** Records from a dataset **
══════════

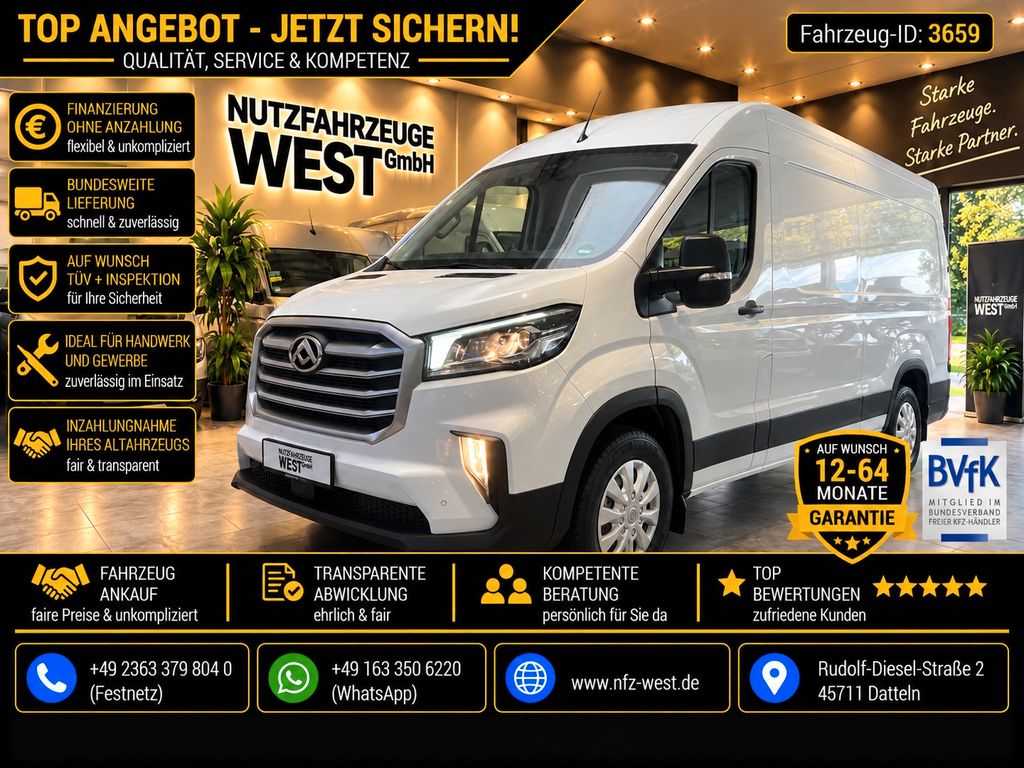 Bild des Angebotes Maxus Deliver 9 L3H2*Kamera*PDC*Tempomat*Garantie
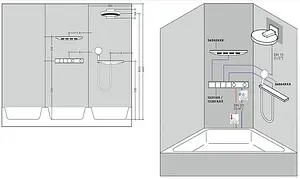Лейка верхнего душа Hansgrohe Rainfinity 250 1jet полированное золото/графит 26228990 Лейка верхнего душа Hansgrohe Rainfinity 250 1jet полированное золото/графит 26228990, 3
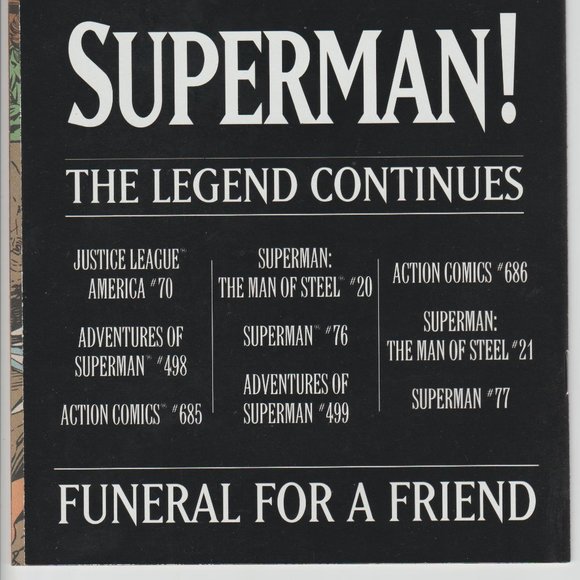 Superman #75 Volume 2 1st Printing Death of 1993  Dan Jurgens  Glenn Whitmore - Picture 4 of 6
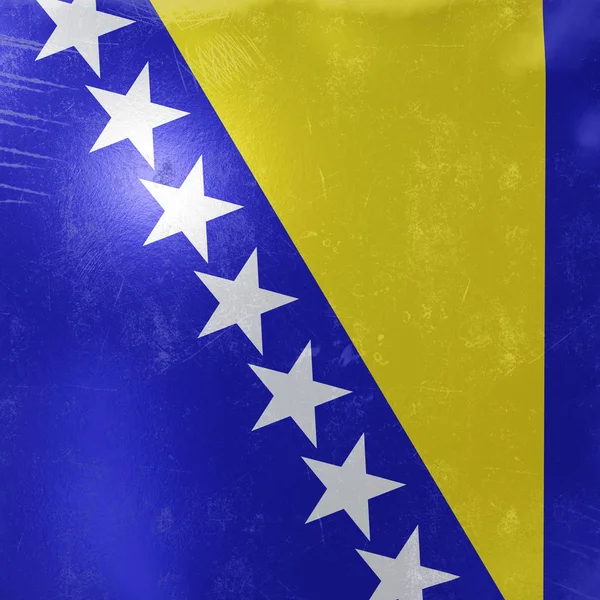 Bandera de Bosnia y Herzegovina icono —  Fotos de Stock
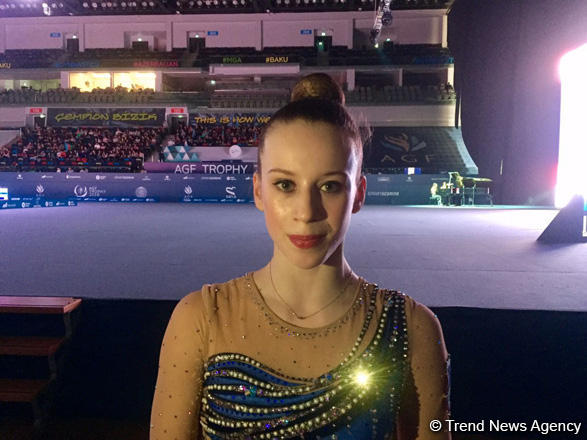 Sloveniyalı qimnast: Azərbaycan Gimnastika Federasiyası gimnastika yarışlarını əla təşkil edir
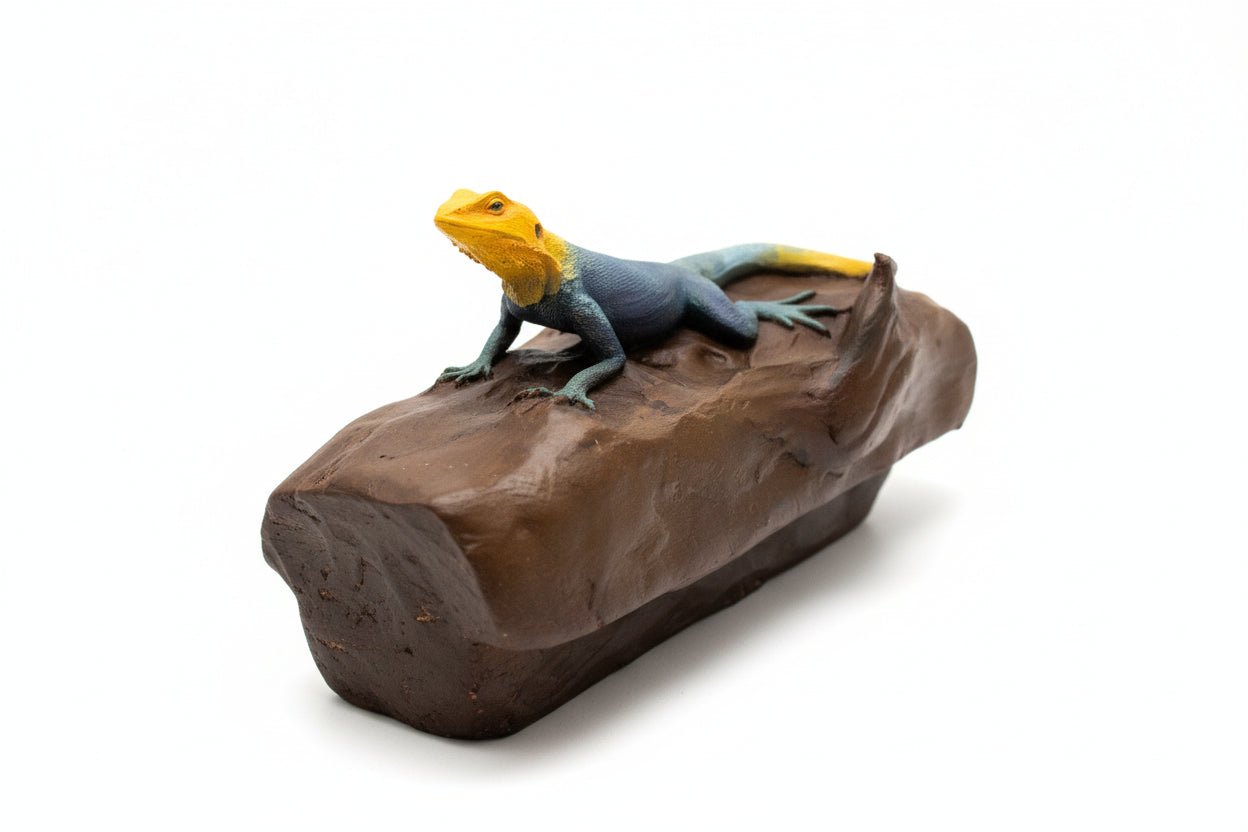 Peter's Rock Agama Tactile Exhibit Replica – UV - Sealed, High - Touch Model - Atomic Carrots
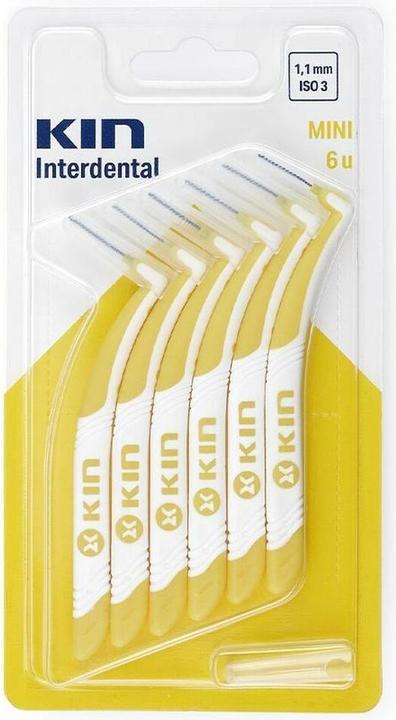 Immagine prodotto KIN Scovolino interdentale Mini 1 1mm 6 pezzi (6 x, 1.10 mm)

══════════

** Goal of the exercise **
Copy each entry exactly as written, and drop the pictures from the copy.

** Task result **
 Bild des Angebotes Maxus Deliver 9 L3H2*Kamera*PDC*Tempomat*Garantie
Лейка верхнего душа Hansgrohe Rainfinity 250 1jet полированное золото/графит 26228990 Лейка верхнего душа Hansgrohe Rainfinity 250 1jet полированное золото/графит 26228990, 3
 Superman #75 Volume 2 1st Printing Death of 1993  Dan Jurgens  Glenn Whitmore - Picture 4 of 6
 Bandera de Bosnia y Herzegovina icono —  Fotos de Stock
 Sloveniyalı qimnast: Azərbaycan Gimnastika Federasiyası gimnastika yarışlarını əla təşkil edir
 Peter's Rock Agama Tactile Exhibit Replica – UV - Sealed, High - Touch Model - Atomic Carrots
 Immagine prodotto KIN Scovolino interdentale Mini 1 1mm 6 pezzi (6 x, 1.10 mm)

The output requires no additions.